Mural from the people of Somalia to remember Concern aid worker Valerie Placewho was killed in 1993 when she was caught up in gun fire. Photo: Concern Worldwide.
Mural from the people of Somalia to remember Concern aid worker Valerie Placewho was killed in 1993 when she was caught up in gun fire. Photo: Concern Worldwide.
News18 August 2017Dominic MacSorley

Ahead of World Humanitarian Day 2017, Concern CEO, Dominic MacSorley, remembers the staff members who have lost their lives while serving vulnerable communities in some of the most difficult and inhumane situations in the world. He emphasises that aid workers and civilians must never be a target in conflict, underlining this year's UN campaign #NotATarget.

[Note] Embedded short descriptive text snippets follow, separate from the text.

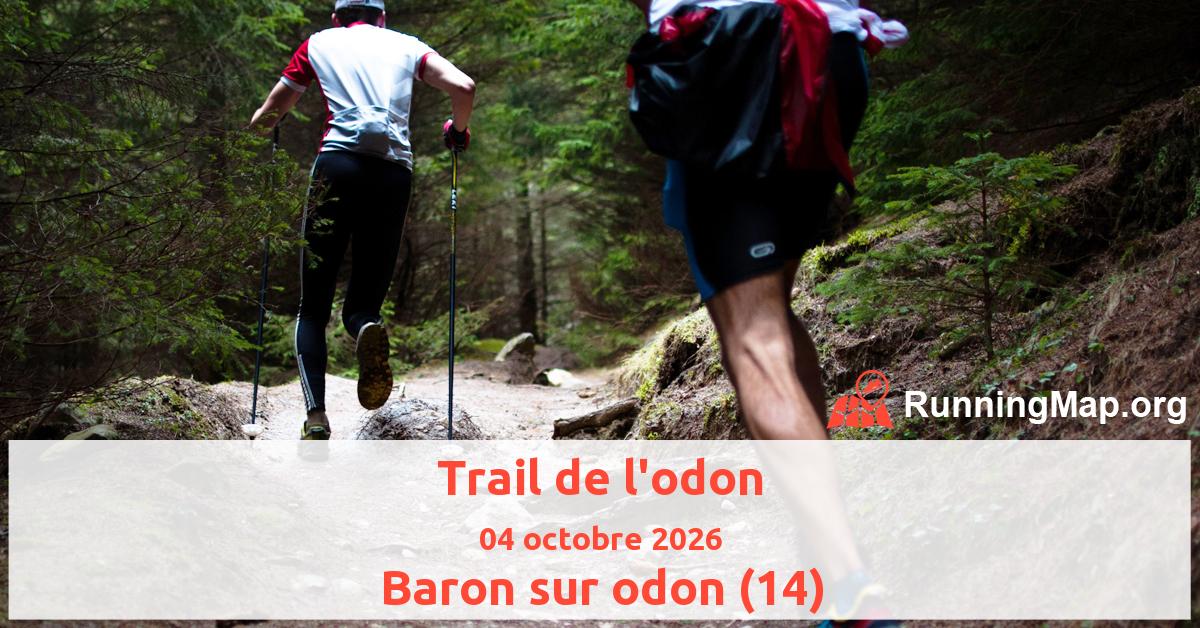 Trail de l'odon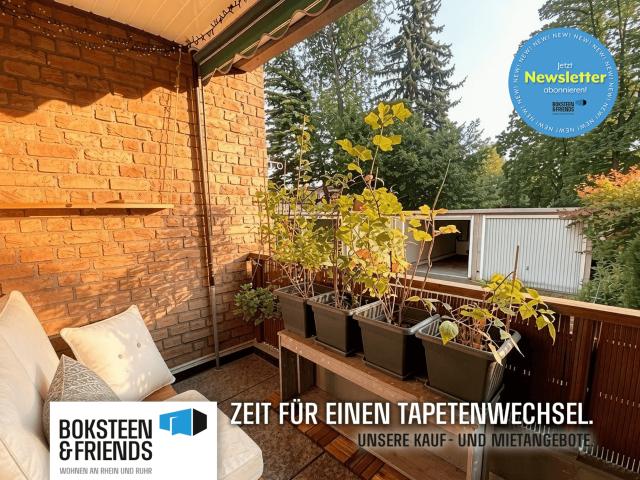 3. 2. 1. MEINS! Wohnen im Erdgeschoss mit einer tollen Raumaufteilung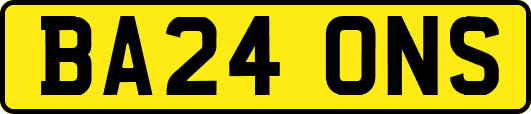 BA24ONS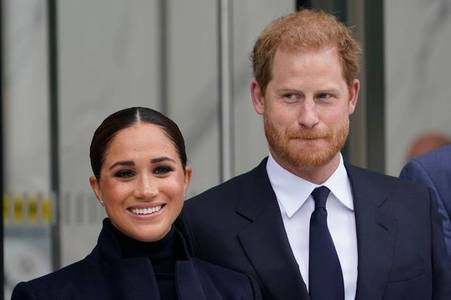 Prince Harry and Meghan Markle 'relieved' over French state visit despite King's 'snub'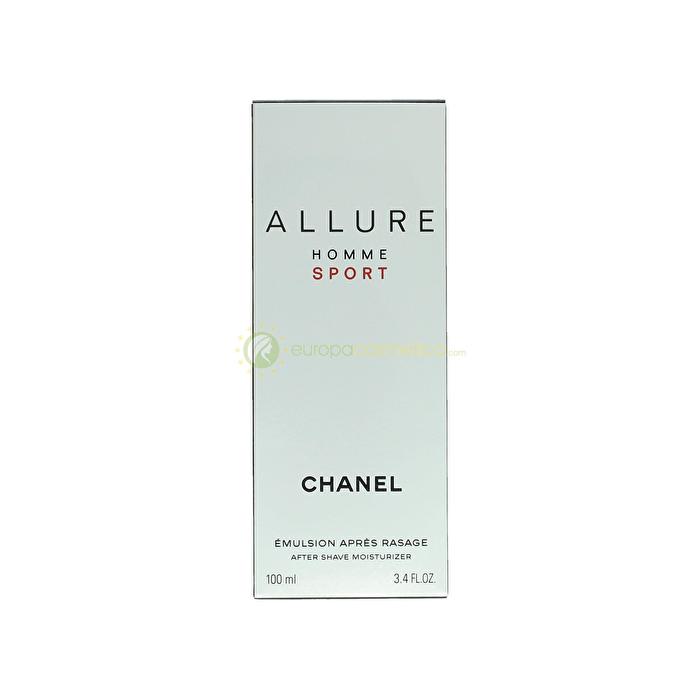 Chanel Allure Homme Sport After Shave Moisturizer 100ml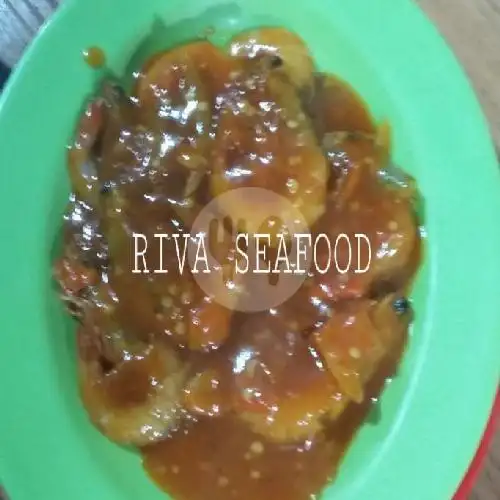 Gambar Makanan Riva Seafood Rindu Malam, Pungkur 1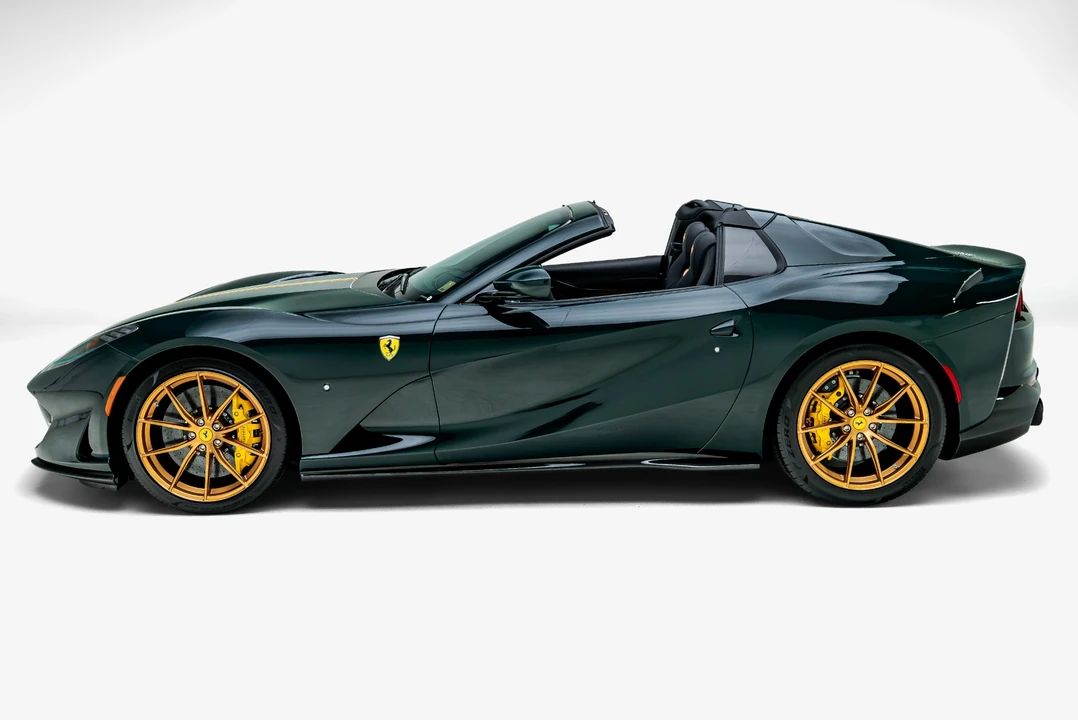 2023 Ferrari 812 GTS - Image 10 of 31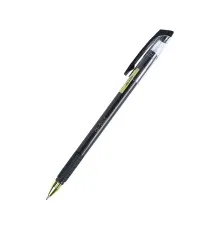 Ручка кулькова Unimax G-Gold, чорна (UX-139-01)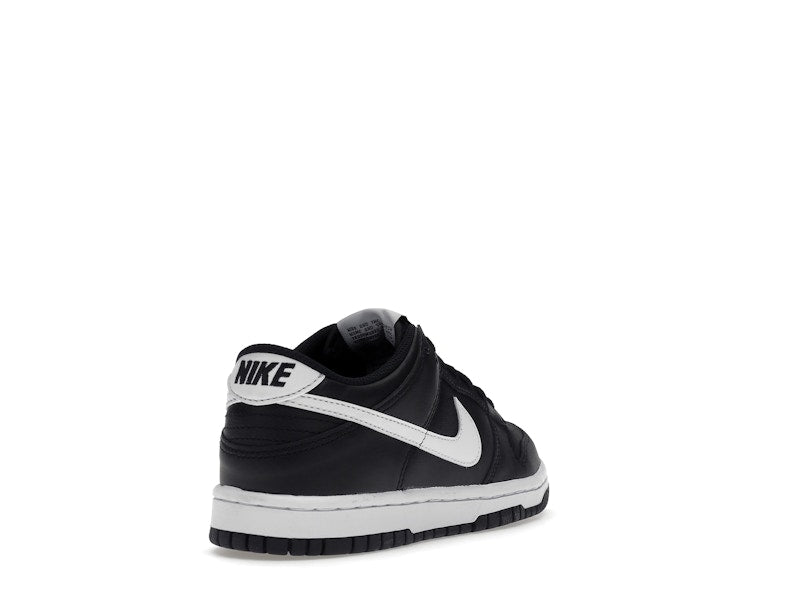 Nike Dunk Low Black Panda 2.0 (GS)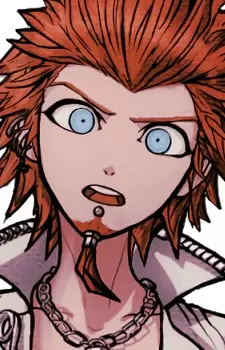 imagem de capa do personagem Leon Kuwata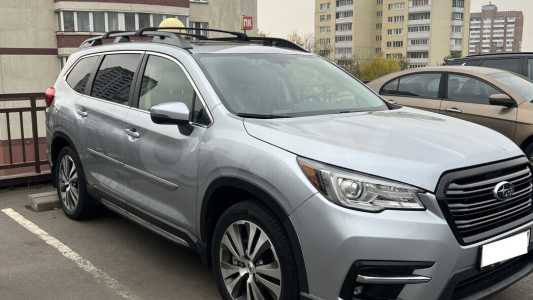 Subaru Ascent I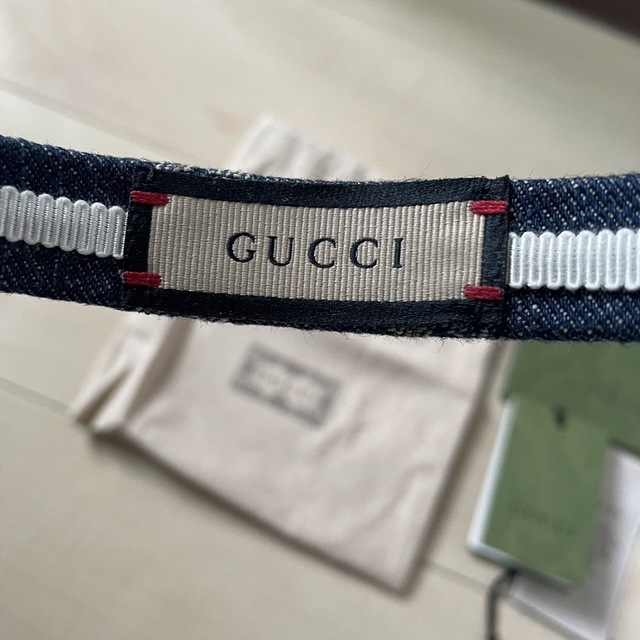 25日まで限定価格!GUCCI カチューシャ 25日まで限定価格!GUCCI カチューシャ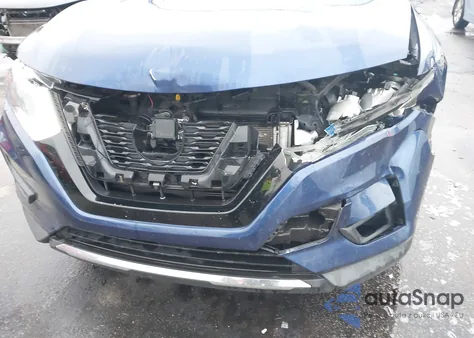 2020 Nissan Rogue Sl Fwd from USA, damaged, VIN 5N1AT2MT8LC722598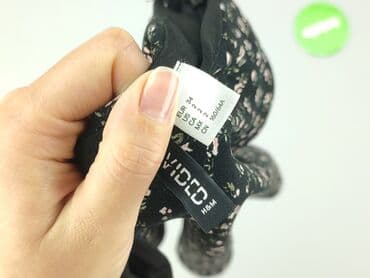 czarne obcisła spódnice: H&M, Spódnica damska, rozmiar XS — 4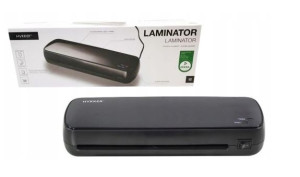Laminator Hykker czarny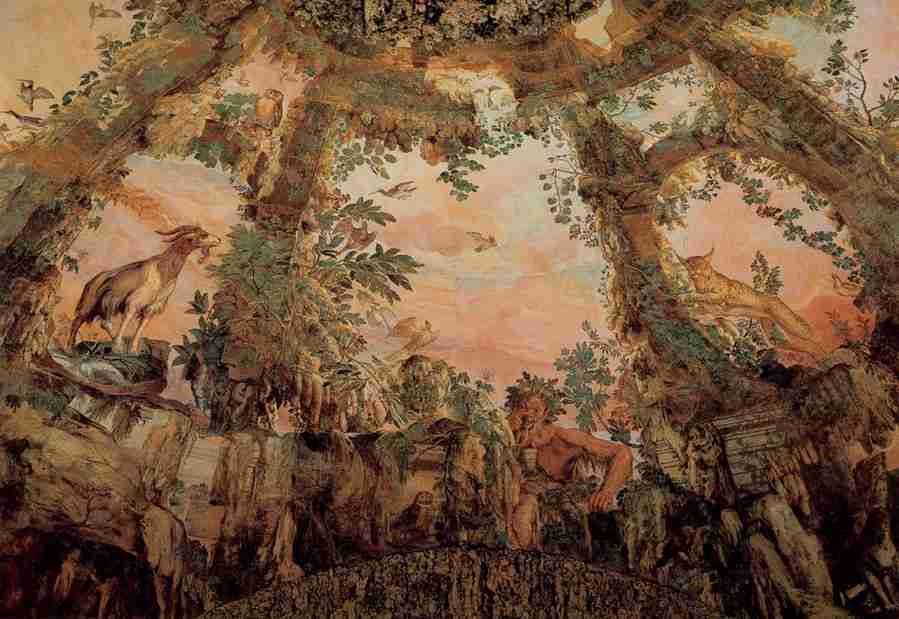 grotto 2 Art A4 Photo Print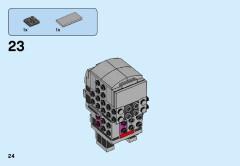 LEGO 41486 instructions page 24 – build guide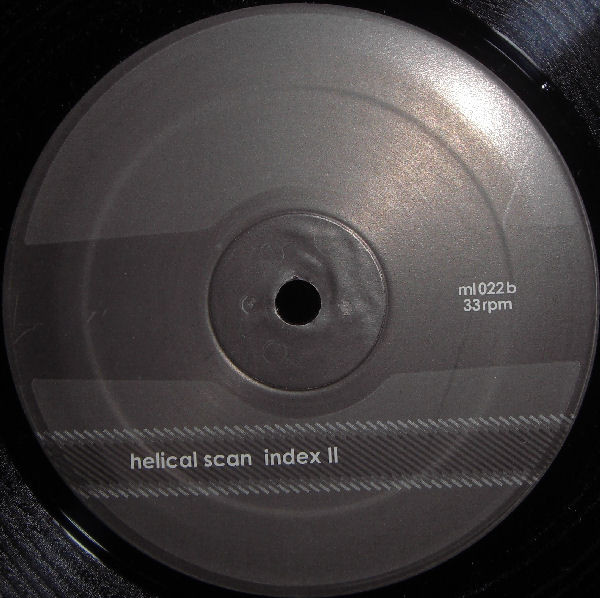 Helical Scan - Index | Monolake / Imbalance Computer Music (ml 022) - 3 Helical Scan - Index | Monolake / Imbalance Computer Music (ml 022) - 3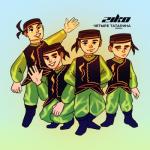 album image Четыре татарина (Remix) Четыре татарина (Remix) - Single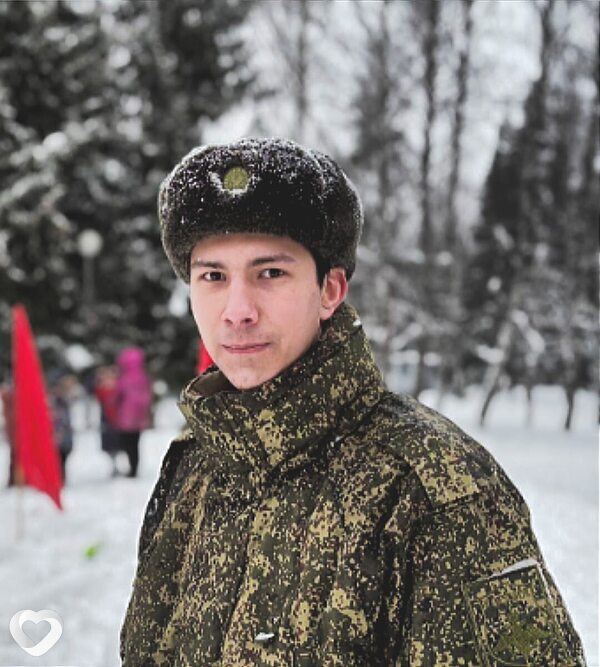 Даниил, 22, Курске — анкета №3943735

Earlier this year, when a massive bomb blast rocked the centre of Kabul killing over 150 people, I immediately thought of Concern Worldwide staff in Afghanistan and contacted our country director there to see if everybody was alright.

She replied:

The bomb was so powerful that I thought it was an earthquake. From my office I could see enormous billows of smoke and I knew that many people would be dead and injured. Staff were all on their phones crying. Still, today I woke up and thought ‘we are here to support the people of Afghanistan’ and got back to work following a very shaky day yesterday.

World Humanitarian Day

This week we mark World Humanitarian Day to pay tribute to aid workers who risk their lives daily, and to remember those who have been killed in the course of their work. It is held to commemorate one of the worst attacks ever directed at aid workers, which took place in the chaos of Iraq after the US invasion on the afternoon of 19 August 2003. An explosion ripped through the newly established UN Mission Headquarters in Baghdad, killing 22 people, including the renowned Brazilian diplomat Sérgio de Mello, and wounding over 100 others. Sergio had succeeded Mary Robinson as the UN High Commissioner for Human Rights and was, at the time of his death, also serving as the UN Special Representative in Iraq.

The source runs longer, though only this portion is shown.